Jason F. McLennan, the CEO of the International Living Future Institute and the Cascadia Green Building Council, wanted to imagine a different city of the future, an alternative to the powerful but often dystopic takes provided by popular culture. “Too many visions of the future are either incredibly depressing—think Mad Max, Blade Runner—or completely unrealistic, and they’re almost always ecologically destructive,” he says. “But the right image can really shape people’s thinking about where we’re headed and what’s possible. Just think about how the ideas of a few designers in the 1920s reshaped architecture for the next seventy-five years.”

To help realize his vision, McLennan reached out to a somewhat unlikely partner, the National Trust for Historic Preservation. Together, they organized the first Living City Design Competition, which challenged participants to retrofit existing cities to meet or exceed the Living Building Challenge, the toughest green-building performance standard in the world. “We jumped at the chance, because we saw it as an opportunity to get the design community to think about older buildings in a fresh, almost futuristic way,” says Patrice Frey, the director of sustainability research at the National Trust for Historic Preservation and a competition juror.
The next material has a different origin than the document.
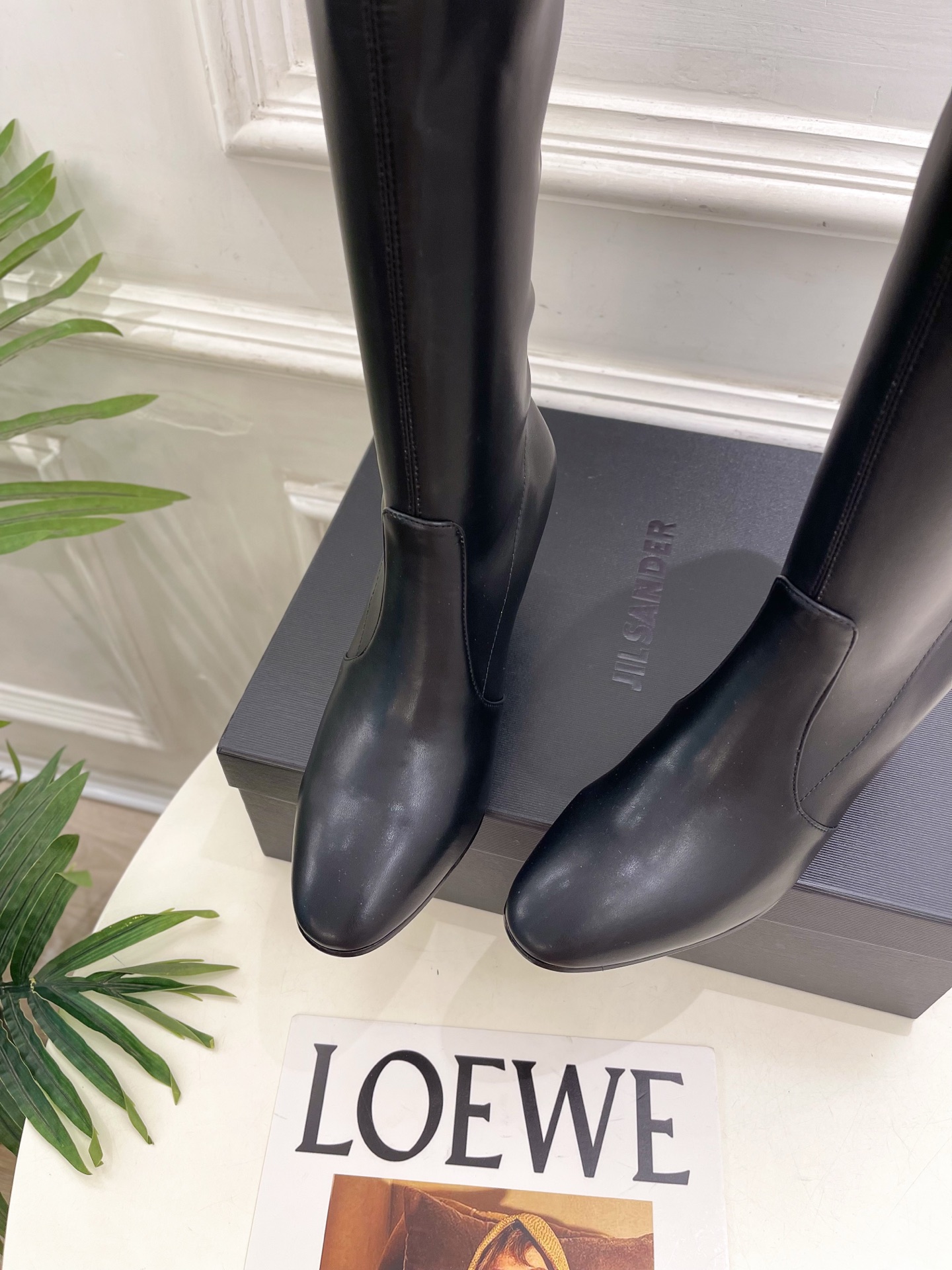 Jil Sander(吉尔·桑达）2026 早秋新品 JD极简复古粗跟高筒弹力靴————————JS作为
The contest—which came with a hefty $75,000 first prize—attracted more than 80 entries from 21 countries and addressed 69 different cities. Announced earlier this year, the winning entry, titled “Reinterpretation of Paris,” was created by two brothers, Maximilian and Daniel Zielinski, both London-based architects working at Foster + Partners. “We decided to choose a capital of the world known to all,” Maximilian Zielinski says. “At the moment, Paris is very preoccupied with its future development. People are open to sustainable development. We saw the competition as an opportunity to talk with them and eventually try to implement our ideas.”

Their vision for Paris combines, as it should, both the imminently practical and the wildly blue-sky. At the most pragmatic, they propose a laundry list of sustainable best practices, everything from retrofitting existing buildings for energy efficiency and water conservation to the introduction of renewable-energy strategies and, perhaps most importantly, the reintroduction of nature into the streetscape. They call this idea “embedding nature in the day-to-day cycle” of the city. Although none of these strategies are new, they have never been implemented simultaneously on a large urban scale.
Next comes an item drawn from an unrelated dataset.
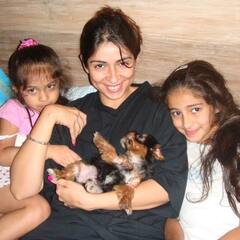 अनन्या पांडे के प्यारे डॉग ‘फज’ का हुआ निधन, 16 साल बाद छूटा साथ, तस्वीरें शेयर कर इमोशनल हुईं एक्ट्रेस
The scheme’s most radical proposal involves transportation. The architects completely rethink traffic-choked Paris, introducing “three overlapping layers of circulation.” Simply put, they place pedestrians and bicycles (and nature) at street level, have trains and subways on existing tracks, and, utilizing Paris’s centuries-old system of underground passageways, put cars below grade. The result is a plush, green update of a grand and altogether familiar city.

So, have the Zielinskis succeeded in creating a sort of Hugh Ferriss image for the new age? Their entry’s money shot—a playful rendering of lush axial corridors converging on a luminous Eiffel Tower, with a hot air balloon floating in the foreground—clearly impressed the jurors. “We thought it was graphically compelling,” Frey says. “They took one of the best known, most loved cities in the world and introduced new elements to it. But the urban fabric and scale of the city was preserved. There was great respect for the character of the city. We also loved that it was car-free and carbon neutral.”